Doctors have been using A.I. like ChatGPT for various tasks including doing tedious paperwork, predicting health problems, and even improving their bedside manner, but what about a large language model (LLM), trained on medical exams, that can help them with diagnoses? Google is hoping to take A.I. into the health care mainstream with a new, medicine-specific chatbot called Med-PaLM 2, that it’s been testing since April, the Wall Street Journal reported, citing people familiar with the matter.

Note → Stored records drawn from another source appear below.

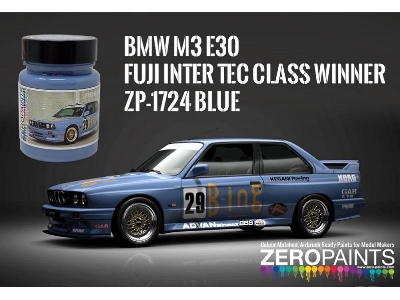 1724 Bmw M3 E30 90's Fuji - zdjęcie 1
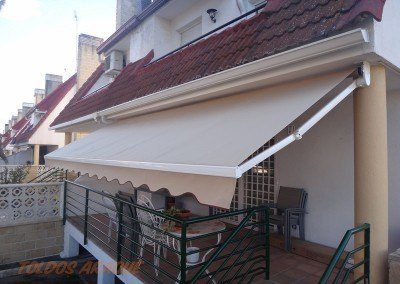 toldo extensible champagne 2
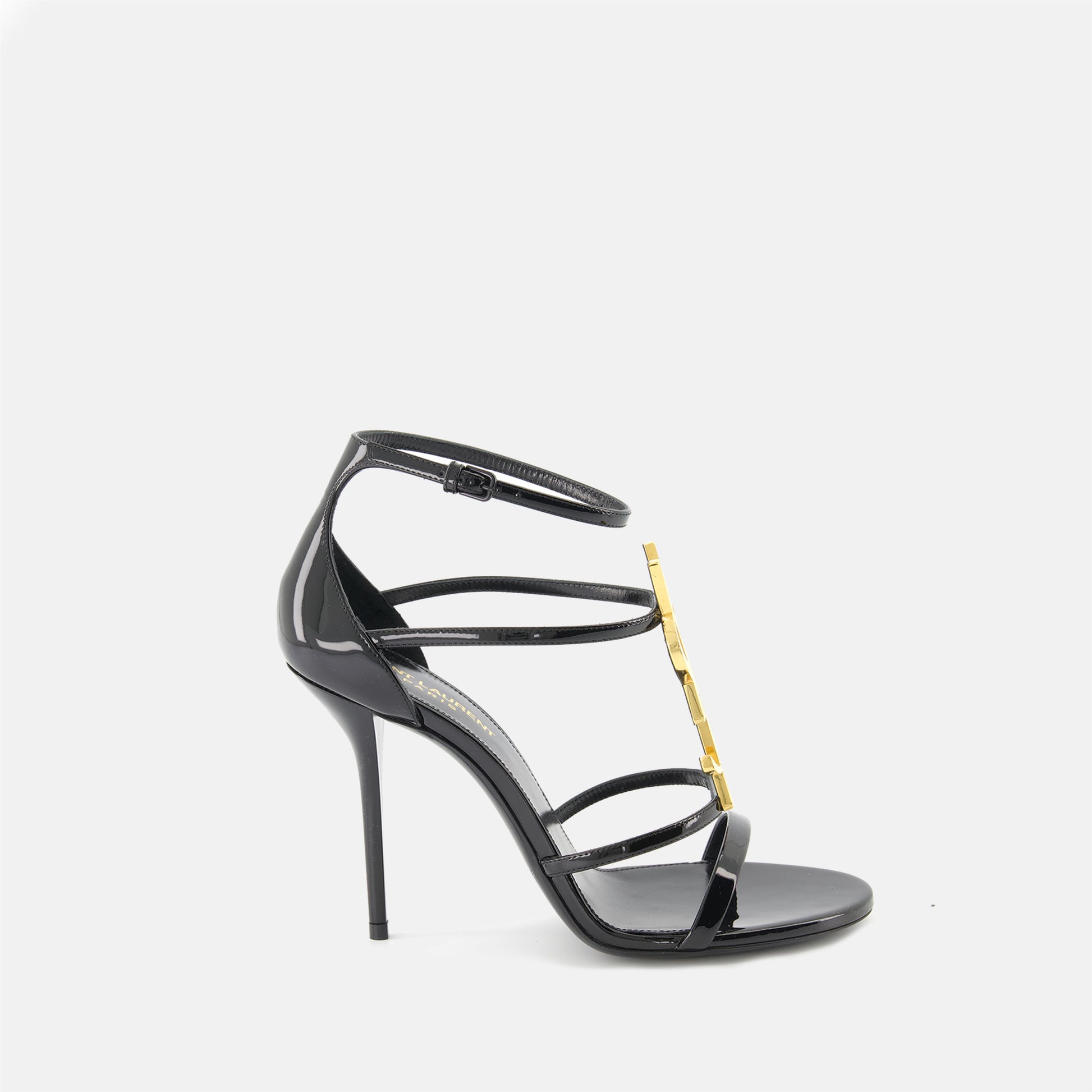 Cassandra Heeled Sandals Saint Laurent Women – myCompañero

Med-PaLM 2 is an LLM that answers medical questions, organizes information, and can synthesize various modes of data including images and health records, according to Google’s website. Google, also the maker of the chatbot Bard, trained Med-PaLM 2 on medical licensing exams, and unsurprisingly it is the first A.I. to have produced passing answers for U.S. Medical Licensing Examination (USMLE)–style questions. Questions in the USMLE style present a patient scenario that lists symptoms, medical history, age, and other descriptors, and asks questions such as what complication is most likely. Med-PaLM 2 was able to provide long-form answers to these questions, in addition to selecting from multiple choices.
OpenAI’s GPT-4, ChatGPT’s successor, scored similarly to Med-PaLM 2 on medical exam questions, despite not being specifically trained on the exams. However, both technologies are still not reliable enough for high-stakes use in health care.
“I don’t feel that this kind of technology is yet at a place where I would want it in my family’s health care journey,” Greg Corrado, a senior research director who worked on Med-PaLM 2 told the Wall Street Journal.
Google is currently piloting Med-PaLM 2 at the research hospital Mayo Clinic, and has not announced when the chatbot could be released to the general public. Hospitals are already using ChatGPT—and have been almost immediately after its release—and not just for quick medical questions. Doctors are using A.I. less like an encyclopedia and more like an assistant, even asking the chatbot how to conduct difficult interactions, such as interventions for those struggling with addiction.
Using A.I. templates to communicate with patients may seem like an insufficient substitution for human connection, but Med-PaLM 2’s responses to medical questions were actually preferred to real doctors’ responses, according to research published by Google in May. Physicians compared A.I.-generated responses to human-written responses on nine verticals, and preferred the A.I.’s answers in eight of the nine.
Despite the possibly higher quality of some A.I. answers, a 2018 survey found that the majority of patients prioritize compassion in medical care, and would pay a higher fee for a more compassionate experience. A.I. fundamentally cannot provide compassion, but its use in creating scripts for an improved bedside manner seems to be facilitating smoother or gentler doctor-patient conversations.
Still, many are wary that integrating A.I. into medicine too quickly and without regulation could have disastrous consequences. A.I. often has “hallucinations,” in which it states false information as fact, which could lead to false diagnoses or treatments if not carefully checked by a person. Moreover, A.I. has the potential to replicate and amplify bias already ingrained in the health care system if not trained correctly. The World Health Organization released a statement in May calling for a very cautious introduction of A.I. into medicine.
“Precipitous adoption of untested systems could lead to errors by health care workers, cause harm to patients, erode trust in A.I., and thereby undermine (or delay) the potential long-term benefits and uses of such technologies around the world,” the WHO wrote.
There’s also the question of how patient data will be used if input into hospital A.I. Google and Microsoft both did not train their algorithms on patient data, but each hospital could train their A.I. on patient data in the future. Google has already started using patient data from Mayo Clinic’s Minnesota headquarters for specific projects.
Patient data would generally be encrypted and inaccessible by the company, Google said, but the tech giant has caused controversy with its use of health care data in the past. In 2019, Google launched an initiative called “Project Nightingale” in which it collected medical data from millions of Americans across 21 states without their consent. The data included patient names and other identifying information, diagnoses, lab results, and records. It was used internally by Google without doctor or patient knowledge to provide a service to a business partner under a Business Associates Agreement.
“Careful consideration will need to be given to the ethical deployment of this technology including rigorous quality assessment when used in different clinical settings and guardrails to mitigate against overreliance on the output of a medical assistant,” Google wrote in its report on Med-PaLM.
Google did not respond to Fortune’s request for comment.